ART has become an effective and well accepted treatment for subfertile couples. Although they are widely practiced all over world, debate still persists regarding their efficacy, cost-effectiveness, risk factors and side effects.

Introduction

ART has become an effective and well accepted treatment for subfertile couples. Although they are widely practiced all over world, debate still persists regarding their efficacy, cost-effectiveness, risk factors and side effects. Despite its established efficacy, much attention has not been paid to its adverse effects and/or complications.
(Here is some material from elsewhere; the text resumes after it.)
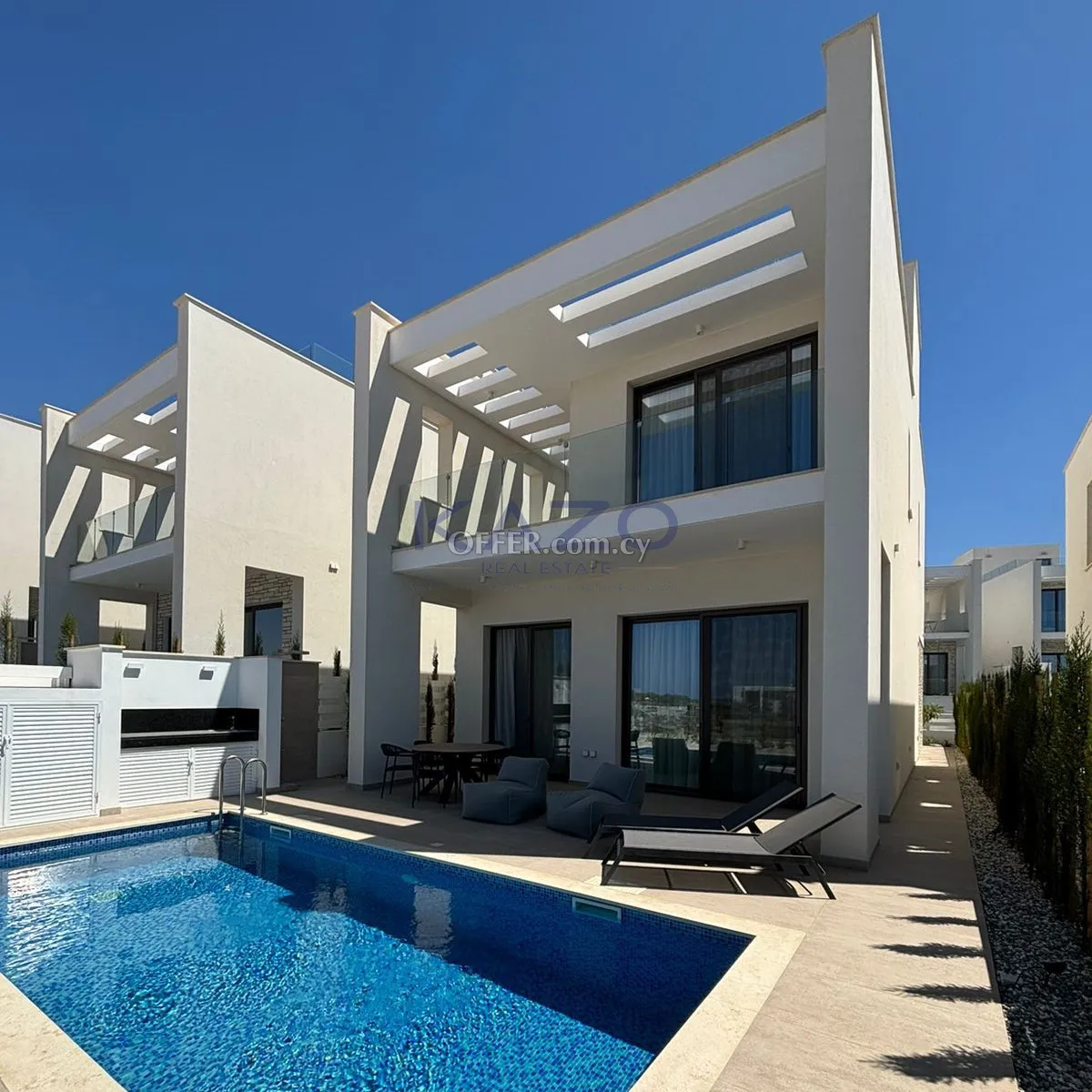 Luxury Sea Front Villa with Private Pool in Paphos Tombs of the Kings - 12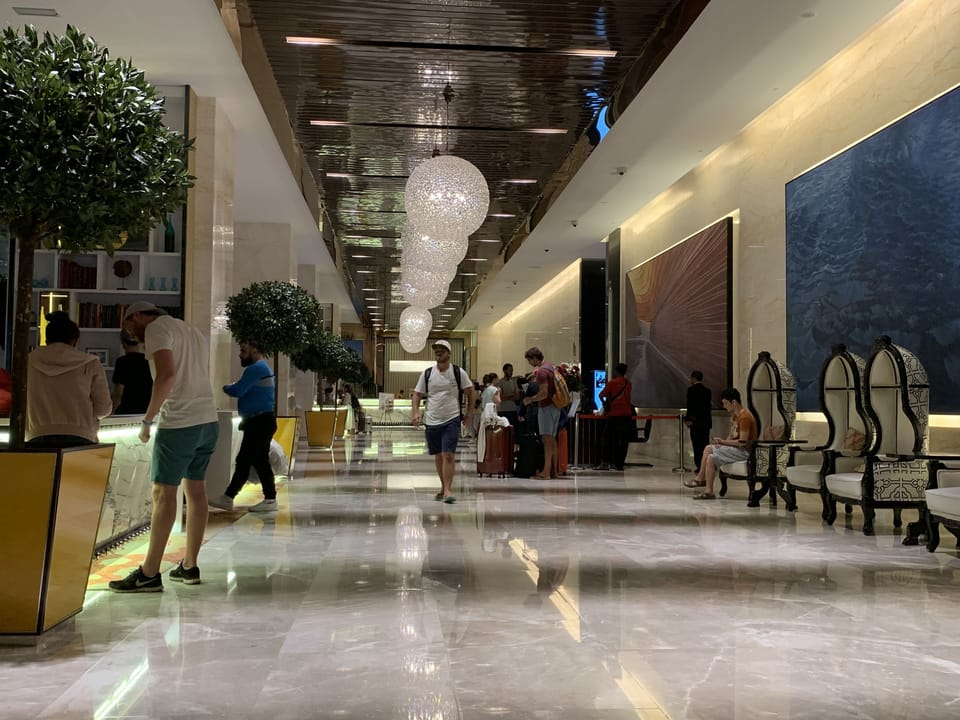 Lobby lounge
Just like other medical specialties', ART is also associated with complications.

These complications may be related to

  • Ovarian stimulation e.g. Ovarian Hyperstimulation Syndrome (OHSS)
  • Oocyte retrieval e.g. trauma to pelvic structures, vaginal & pelvic haemorrhage, pelvic infections, anesthesia related complications.
  • Embryo transfer e.g. bleeding, rejection of embryos.
  • Pregnancy after ART e.g. multiple pregnancy, abortion, ectopic pregnancy, heterotopic pregnancy.
  • Offsprings born by ART e.g. chromosomal abnormalities leading to recurrent miscarriage, preterm delivery and low birth-weight, congenital anomalies.

Factors responsible for complications are

  • Couples who require ART are of older age group which increases the chances of genetic problems in offsprings as well as pregnancy complications.
  • It is not clearly known if drugs used in ART may have any adverse effects on growing embryos.
  • Human manipulation of sperm and eggs, in-vitro culture, cryopreservation and embryo-transfer may affect developmental outcomes by modifying natural processes.
  • More than 50% of IVF births are from multiple gestation, resulting in a large negative impact in developmental outcomes.

Case Report

Here, we report an interesting case in which we encountered complications post-ART.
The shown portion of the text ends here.